The AIA has done a number of studies, and they found that different demographics have particular pinch points. For women in general, there's a drop in representation transitioning from school to the profession, then there’s a reduction in representation as they grow in their profession and get licensed. 

For Black architects, there are three pinch points, and it starts before they ever enter school. From the general population to the schools, there’s a pinch point for the African-American community. Then you have a drop in representation transitioning from school to the profession. 

There’s another significant drop in advancement. A lot just don’t get to the point where they’re able to acquire licensure. You need not only to pass all the exams, you need to acquire a certain amount of experience. So if you're not getting recruited into firms from school, you're probably not going to have the experience. And if you're not advancing in the firms you're at, you're also not going to be able to get that license, because you need a certain type of experience. Exams just add another barrier because there are cost barriers that different groups experience. 

So just the intersectionality of being Black and a woman factors into that low representation, but I’m positive there's a multitude of other reasons. From school [on], there aren’t that many, then it just dwindles from there.

Melvalean McLemore speaks inside the Houston City Council chambers on Nov. 28, 2023, which a proclamation declared “Melvalean McLemore Day” in honor of her being the first Black woman president of AIA Houston.

Bisnow: What is being done to get more Black women into the architecture industry?

McLemore: There are a lot of fantastic groups that are focusing on this issue. Tiffany Brown is doing 400 Forward, which focuses on getting young women interested in architecture. There are also efforts by the National Organization of Minority Architects, NOMA, such as Project Pipeline and the HBCU Professional Development Program, which encourages large firms to recruit directly from [historically Black colleges and universities]. 

Bisnow: How do you feel that working at Moody Nolan, a Black-owned firm, has supported your career path?

McLemore: There’s a multitude of ways.
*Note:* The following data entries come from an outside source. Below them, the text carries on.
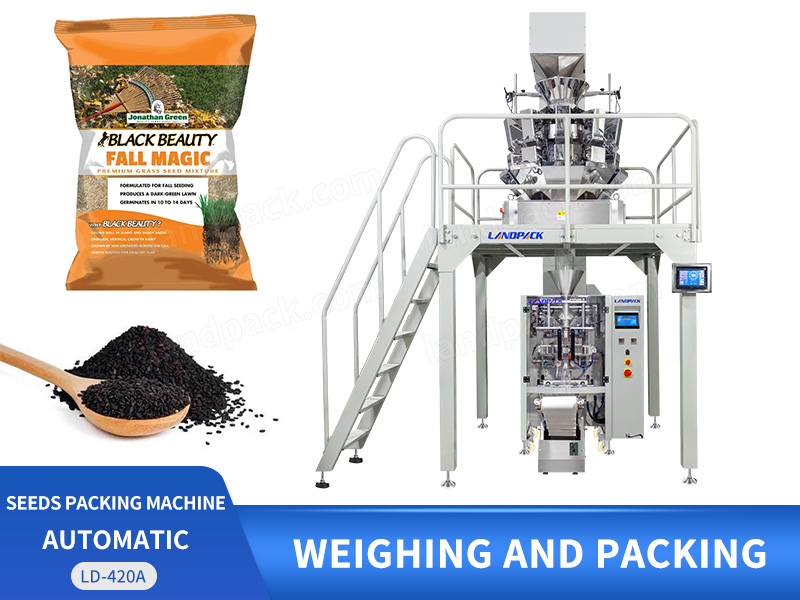 Automatic Seeds Vertical Form Filling Sealing Machine  Pouch Packaging Machine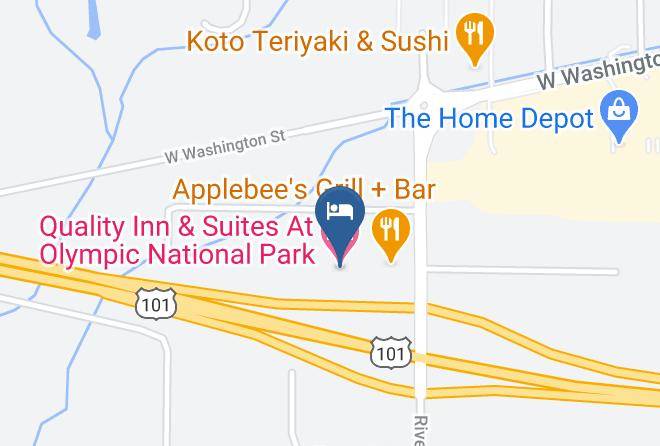 Clallam - Quality Inn & Suites At Olympic National Park Maps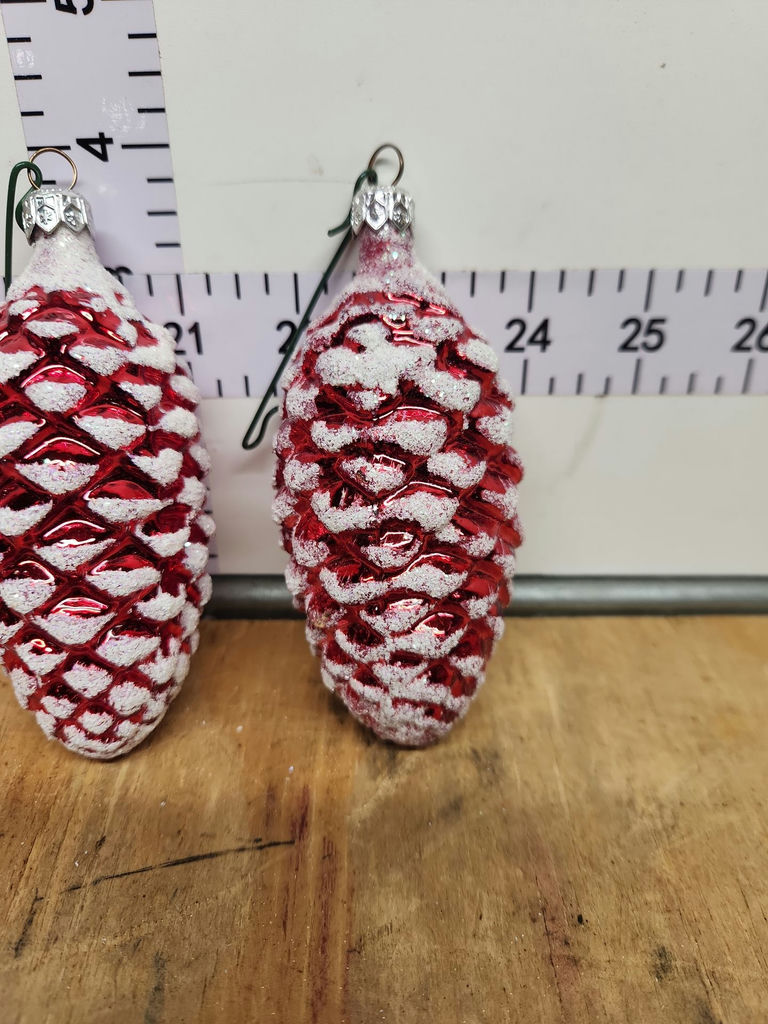 More Vintage Glass Christmas Ornaments - image 10 of 17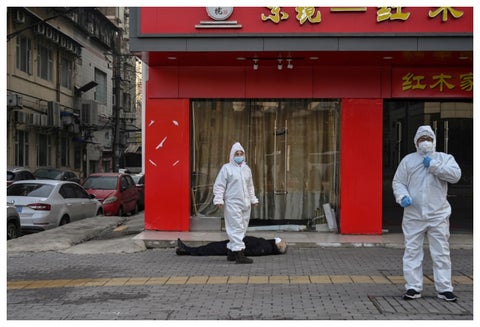Hombre muerto en Wuhan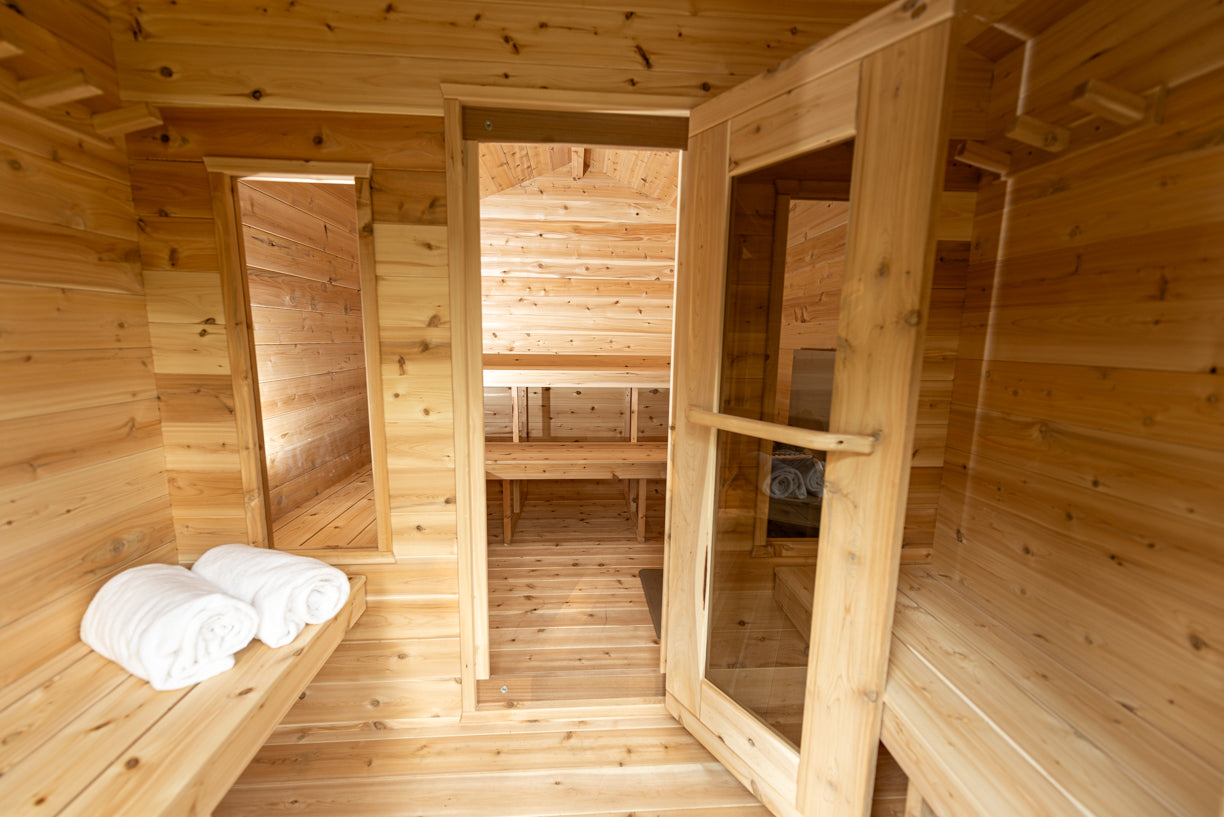 Georgian Cabin Sauna + Changeroom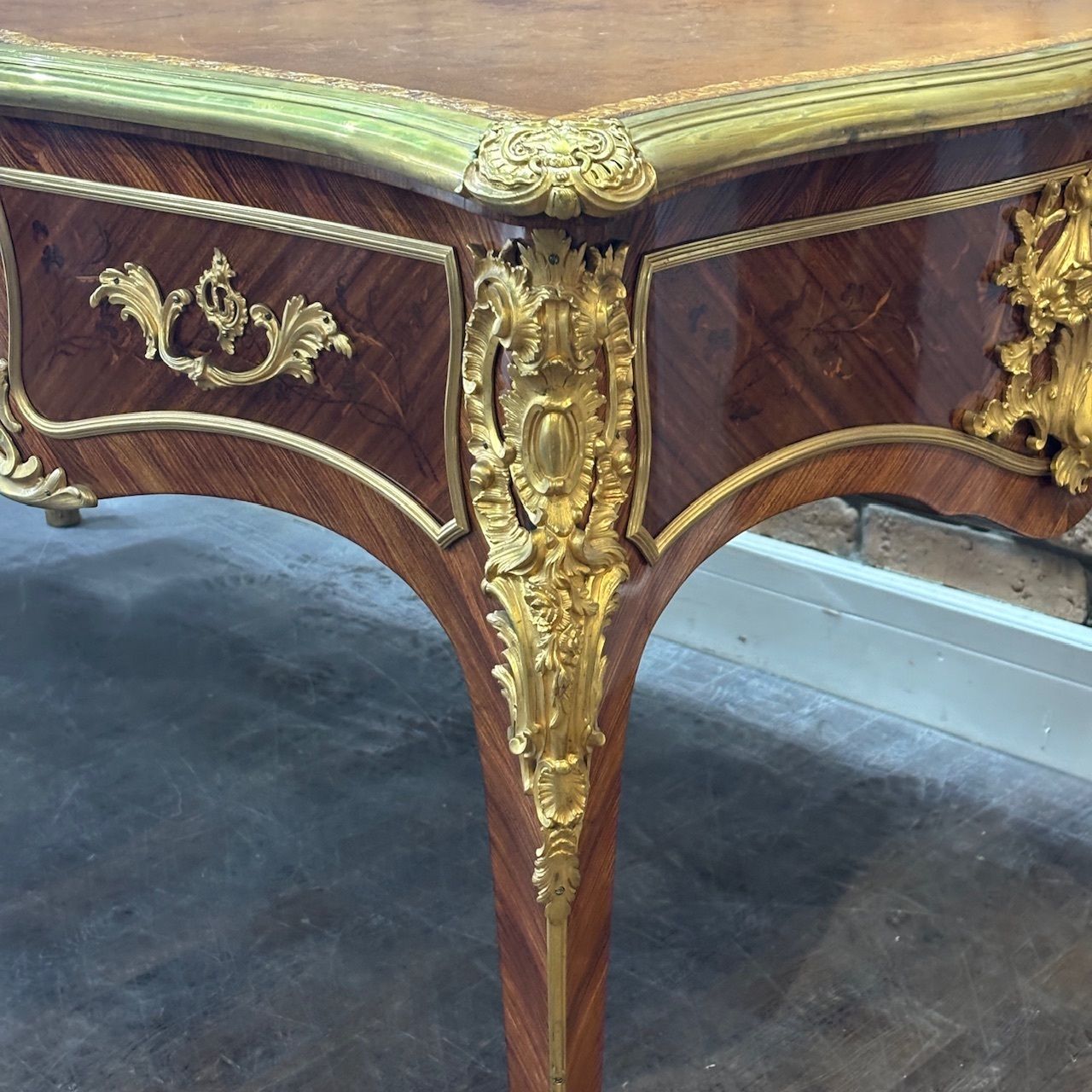 Victorian Louis XV Style Desk, 1800s photo 13000.0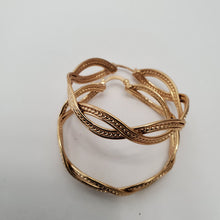 Load image into Gallery viewer, 18K GOLD PLATED HOOP EARRINGS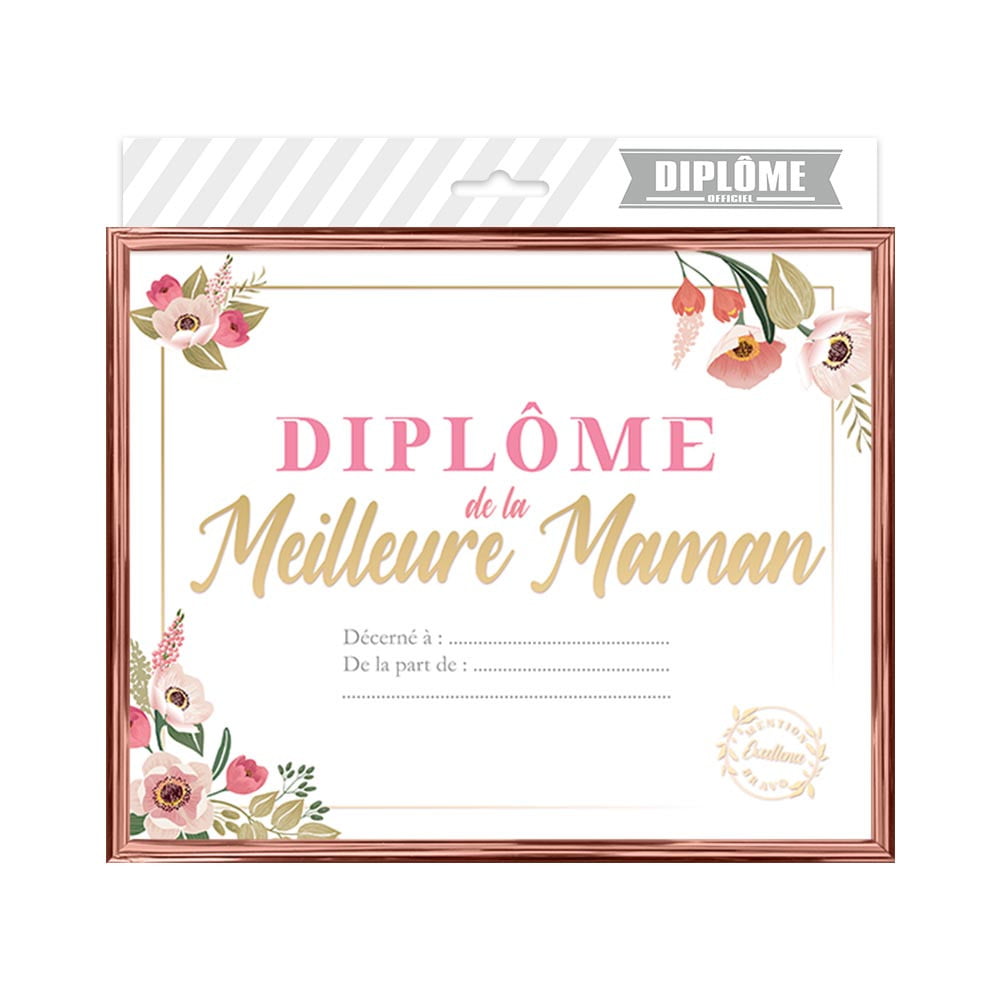 Diplôme Super Maman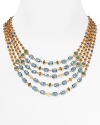 Lauren Ralph Lauren Imperial Jewels beaded necklace boasts elegant, statement style.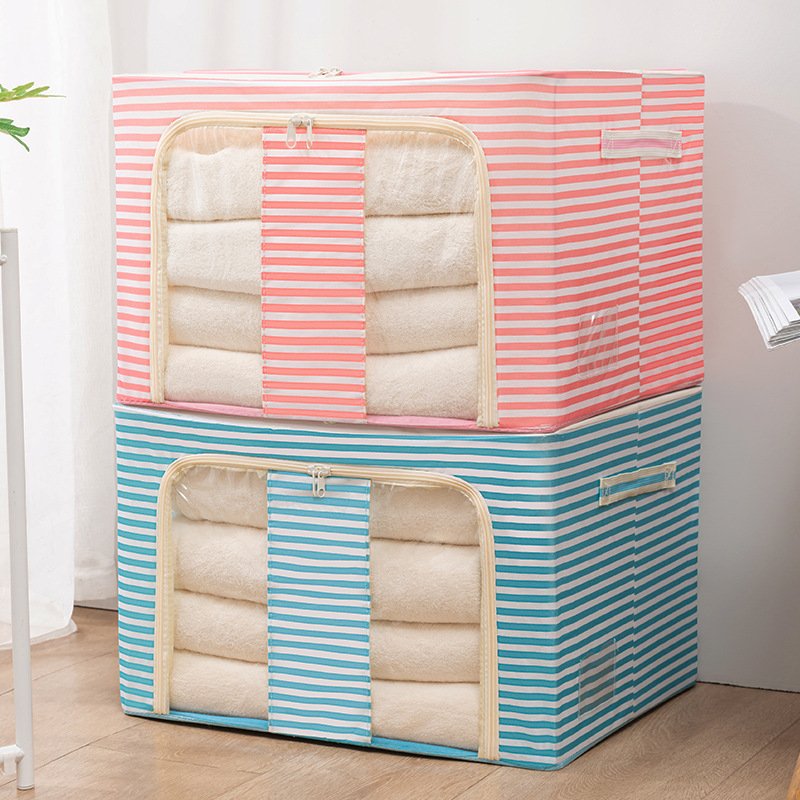 Factory Wholesale Steel Frame Fabric Storage Box Extra Large Quilt Clothes Storage Box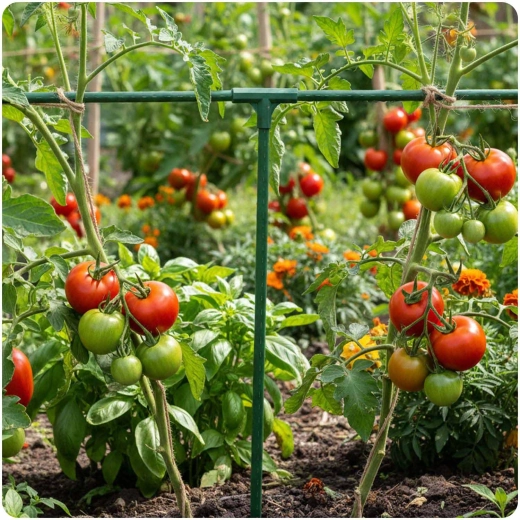 Tugev tugi tomatitele ja ronitaimedele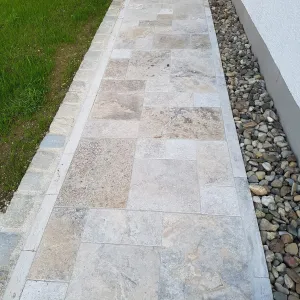 Travertine patio slabs — 60 × 40 × 3 cm - 7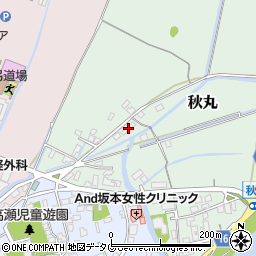 熊本県玉名市秋丸56-1周辺の地図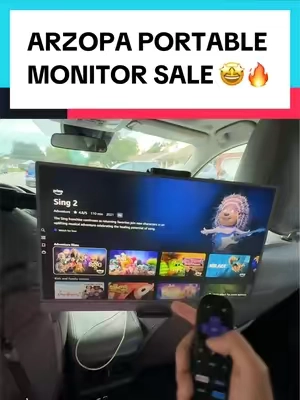 This is a gamechanger for your car #monitor #dualmonitor #portablemonitor #tiktokshopcreatorpicks #cartok 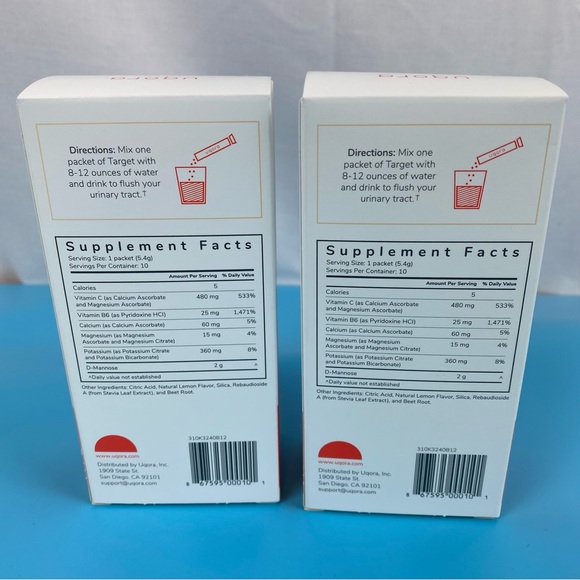 Uqora Other Uqora Target 2 Boxes Packets Each Prevents Utis Flush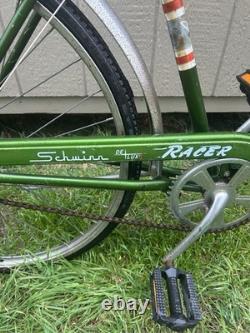Vintage Schwinn Boys Deluxe Racer Campus Green 1969 Vintage Schwinn Boys Deluxe Racer Campus Green 1969
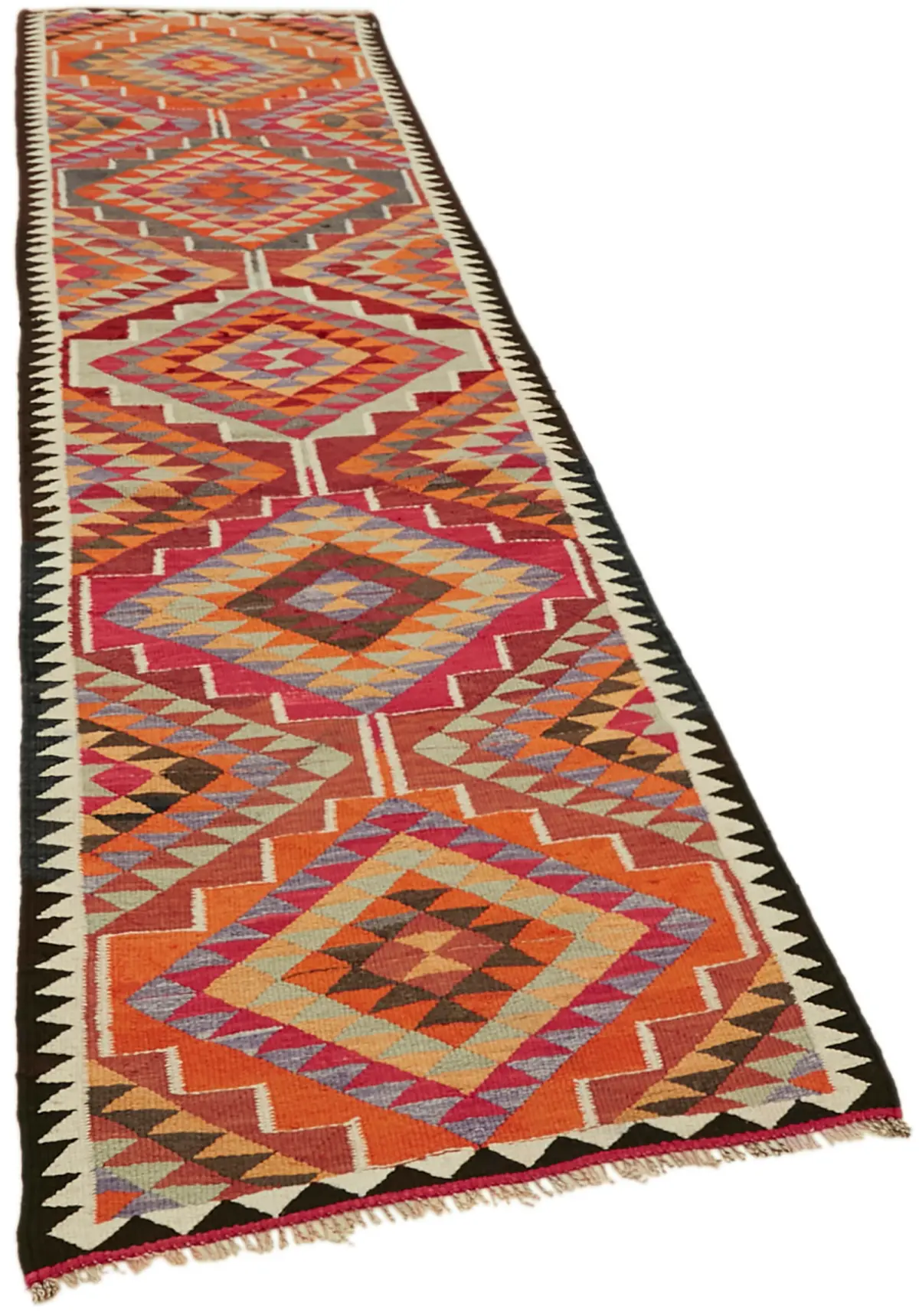Herki Eskitme Multi Pamuk Üzerine Yün El Dokuma Kilim-090x322 - Görsel 2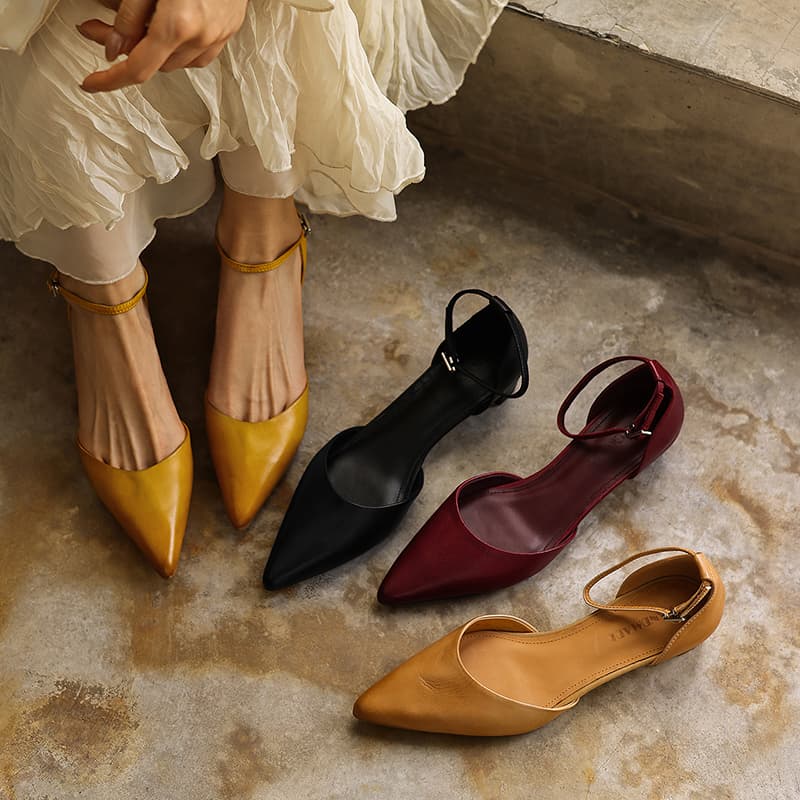 Smidig Slingback med Snøre — billede 1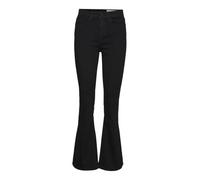NOISY MAY Sallie High Waist Flare Jeans Donna Jeans Nero W32L32
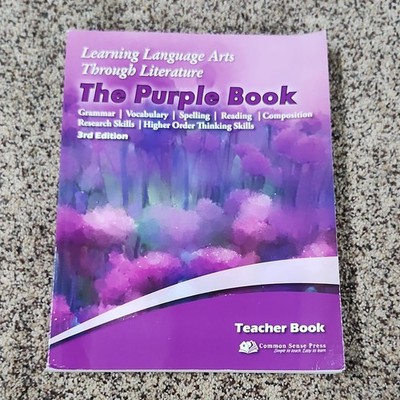 Common Sense Press The Purple Book Learning Language Arts 3rd Ed PB Elementary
One, being one of the few in my industry, it's really hard to see yourself in leadership. At a lot of firms, there's only one or two people who look like you. So the uniqueness of being at Moody Nolan is I saw the representation, particularly if we're speaking about Black women in architecture, at every level from the intern to the partner or the principal. 

It was really important to be able to see a variety of experiences, and see the quantity of black women and leadership and being able to plug themselves in in different ways at Moody Nolan. When firms have diversity and representation of all kinds of groups, it’s an ultimate value-add for our clients. We can address problems differently, we can support them differently. And it's very meaningful.

Bisnow: Are there any architectural trends currently emerging in Houston? 

McLemore: There is a mixed-use component emerging that I find really interesting. There are projects out there that don’t have just a single purpose or dedicated project type. 

Another notable trend is the increasing interest in mass timber construction. Although not entirely new, this sustainable building method is gaining in popularity as more firms and clients prioritize environmentally friendly designs. 

Bisnow: Give a bold prediction for the commercial architecture market for the rest of the year.

McLemore: I think there will be a lot more of these [public-private partnership] projects coming out. They solve a funding need for a lot of clients, and they help the scale of the project be something more substantial. 

Bisnow: This is a weekend interview, so what is your favorite weekend routine or activity?

McLemore: I have two small kids, a 2-year-old and a 5-year-old. I’m also in leadership positions, so I have a lot of responsibilities on the weekends. But my ideal activities are just hanging out with my family, discovering the city and seeing something new. I call myself a foodie, so I love finding new restaurants in the city. 

I love exploring Houston as someone who's lived here her entire life. I can so frequently find things I didn't know about Houston. There's always something to discover about our city.